Input: arr[] = {1, 2, 2}
Output: Yes
Explanation: 
One of the possible ways to color is:  {“Red”, “blue”, “blue”}.

  1. For arr[0](=1), there is exactly 1 distinct color, which is “blue”.
  2. For arr[1](=2), there are exactly 2 distinct colors, which are “blue” and “red”.
  3. For arr[2](=3), there are exactly 2 distinct colors, which are “blue” and “red”.

Input: arr[] = {4, 3, 4, 3, 4}
Output: No

 

Approach: The problem can be solved based on the following observations:



  1. For 2 objects, there are N-2 objects common while calculating the number of distinct colors.
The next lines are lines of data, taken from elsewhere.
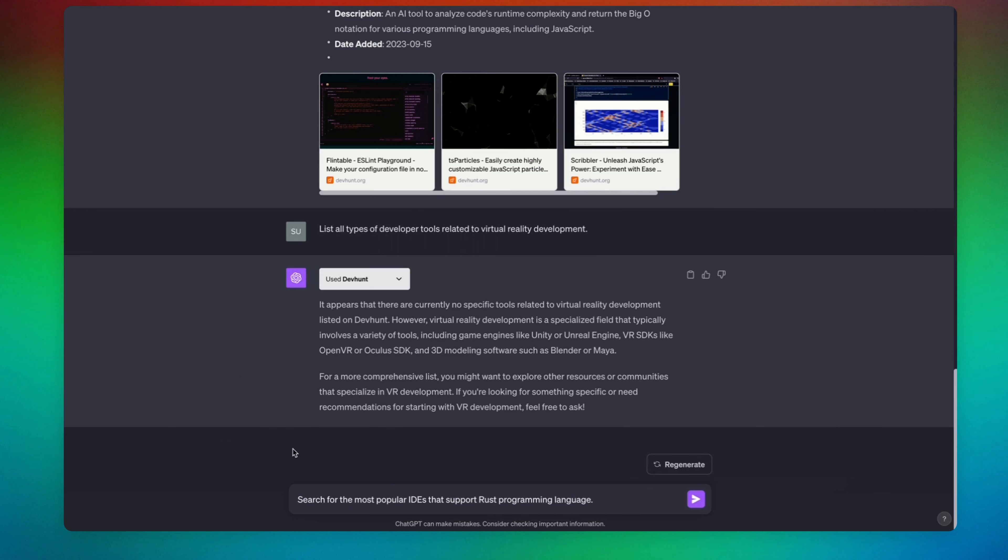We're going to say search for the most popular IDEs that support Rust programming language. Rust is getting super popular these days. Companies and teams are ditching C and C++ to use Rust. Let's go ahead and test this prompt out.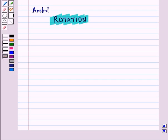Hello and welcome to the session. In this session, we are going to discuss rotation.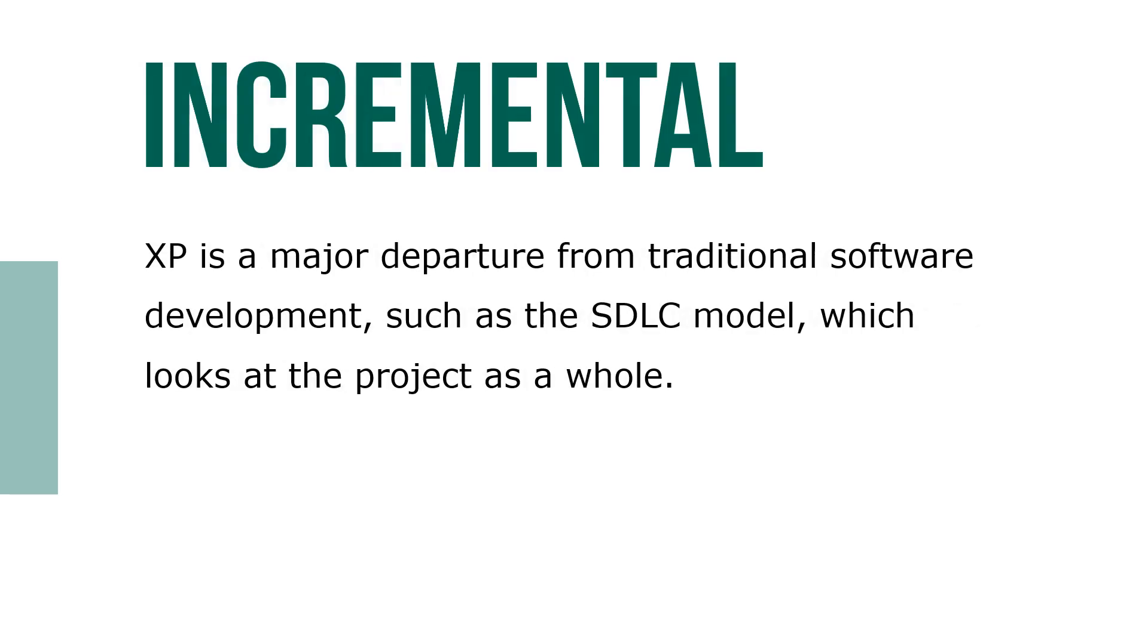XP is a major departure from traditional software development, such as the SDLC model, which looks at the project as a whole.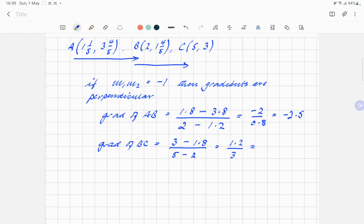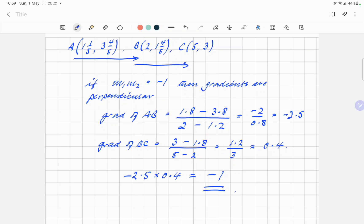So isn't that 0.4? And then minus 2.5 times 0.4 — in terms of the method and everything, does that work? Yes, so that confirms the gradients multiply to minus one and the lines are perpendicular.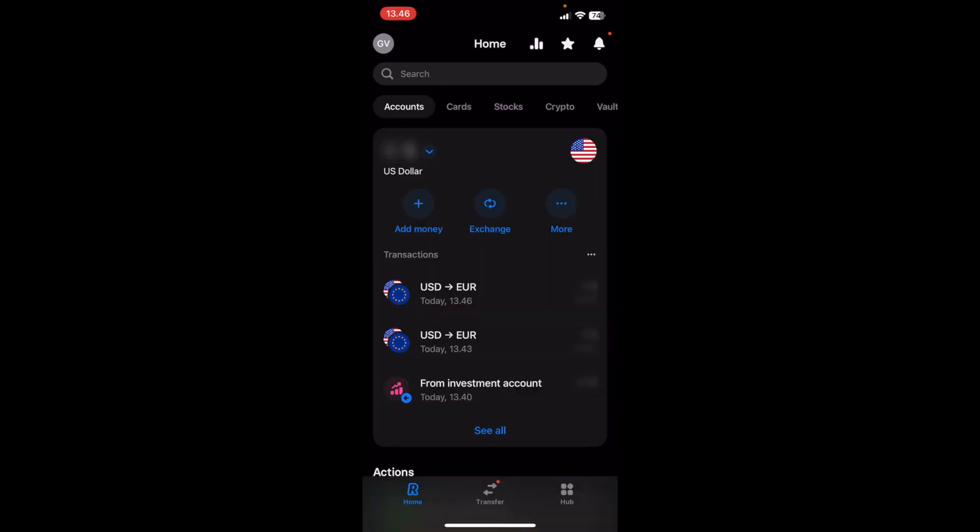And just like that, I was able to move my US dollar to my Euro account in a matter of seconds. I hope this video was helpful. Thank you so much for watching.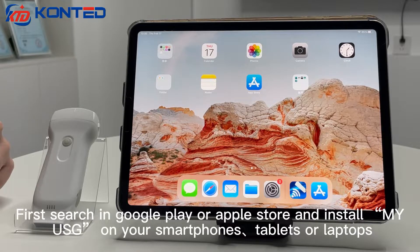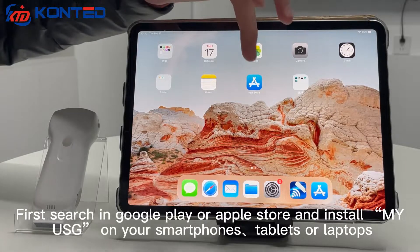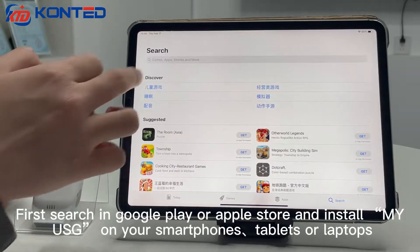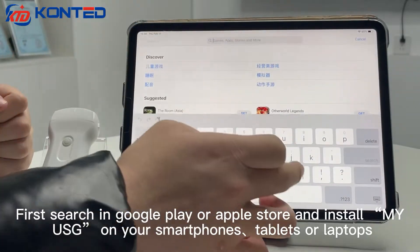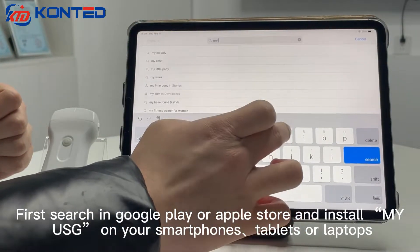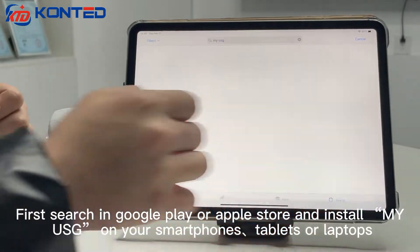First, search in Google or Apple Store and install MyUSD on your smartphones, tablets, and laptops.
Therefore, there can be a difference of at most 1 between the maximum and minimum element of the array arr[].
  2. Now there are two cases:
    1. If the maximum and minimum elements are equal, then the answer is “Yes”,  only if the element is N – 1 or the element is less than or equal to N/2, because every color can be used more than once.
    2. If the difference between the maximum and minimum element is 1, then the number of distinct colors in the N object must be equal to the maximum element, because the minimum element is 1 less than the maximum element.
      • Now, assuming the frequency of the minimum element as X and the frequency of the maximum element as Y, then the answer is “Yes” if and only if X+1 ≤ A ≤ X+ Y/2 (observation-based).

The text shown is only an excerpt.